Did the agent work on any special projects, such as participating in contact center initiatives, conducting coaching or training sessions, or assisting as a subject matter expert? While these are subjective, they can also be included in the review.
Avoid rewarding agents solely on experience or longevity. If the reward is based on tenure rather than performance, it will be challenging to attract new talent. This approach also encourages mediocrity, as there is no incentive for outstanding performance.
Although key performance indicators vary from industry to industry, the bottom line is to use indicators that are tracked, measured and reported for a quality performance appraisal.
1. Document your accomplishments along. Keep goals current, track progress and contributions, and update goals as appropriate to reflect any changes in your role or responsibilities. Let the boss know when you have reached established milestones.

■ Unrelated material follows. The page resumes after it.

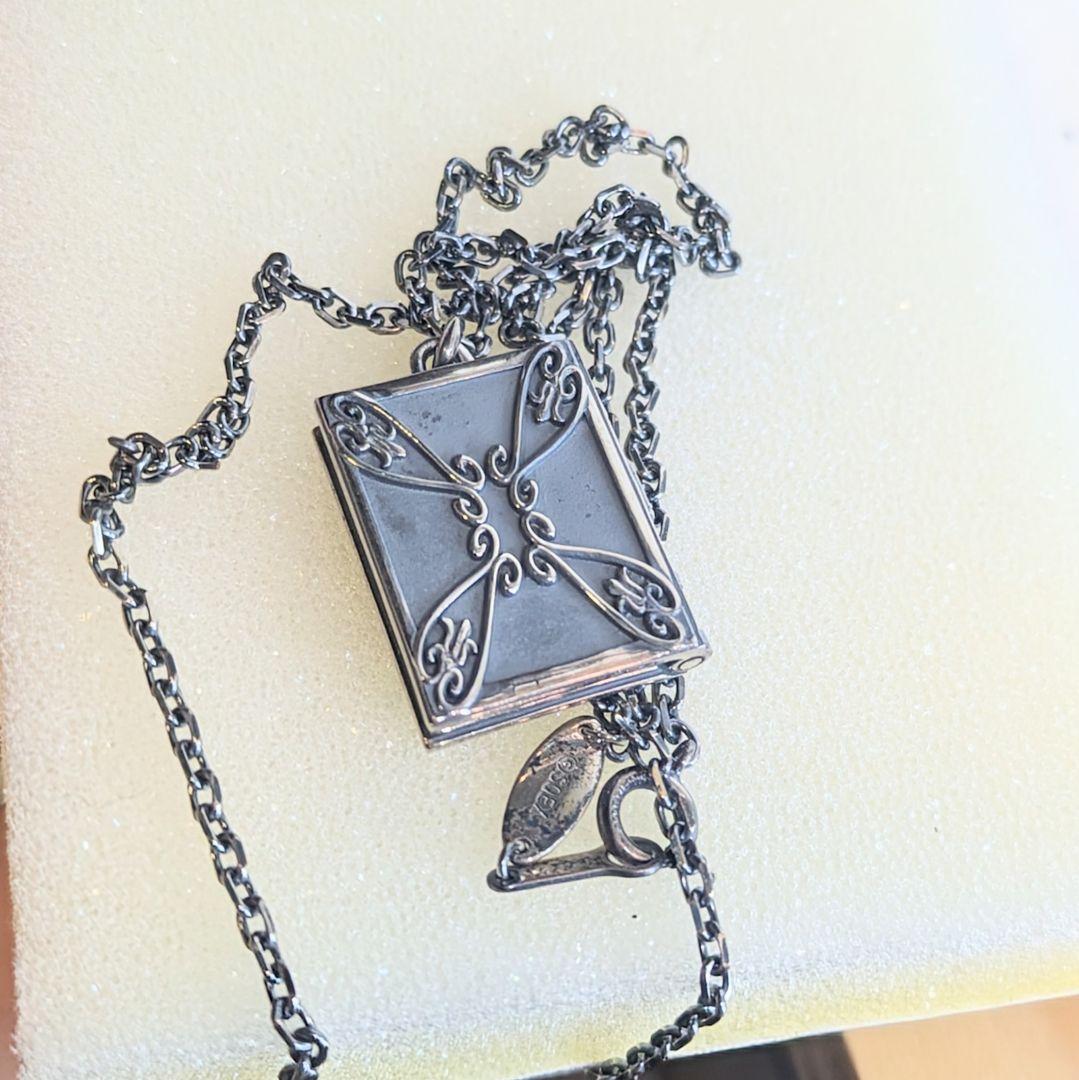 NieR Replicant/Gestalt シルバーロケットペンダント 白の書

2. At their formal performance discussion meeting, the employee should never hear about performance areas that need improvement for the first time unless it is new information or insight. Effective managers discuss positive performance and improvement areas regularly, daily, or weekly.
Neither the agent nor the manager likes performance reviews. Both sides find them stressful and disenchanting when they are subjective, biased, and based on unsubstantiated data. This happens when managers don’t have hard facts available and are left to evaluate agents' work habits, attitudes, cooperation, interpersonal skills, and tenure. This creates distrust in the performance appraisal process, which becomes meaningless.
Using complex data that your comprehensive contact center software tracks, stores, and reports, you can write powerful and meaningful evaluations backed with solid evidence. You want contact center software to store 12 months of data in preparation for the performance review. When you have taken the time to set clear expectations, you can now use data to show how the agent stacks up against the expectations. Good agents will be tracking their progress, will be harder on themselves, and will already know if they fall short of exceeding expectations.
In your performance appraisals, reward agents based on the facts using pre-determined key performance indicators. This will ensure that your agents trust the feedback and the process.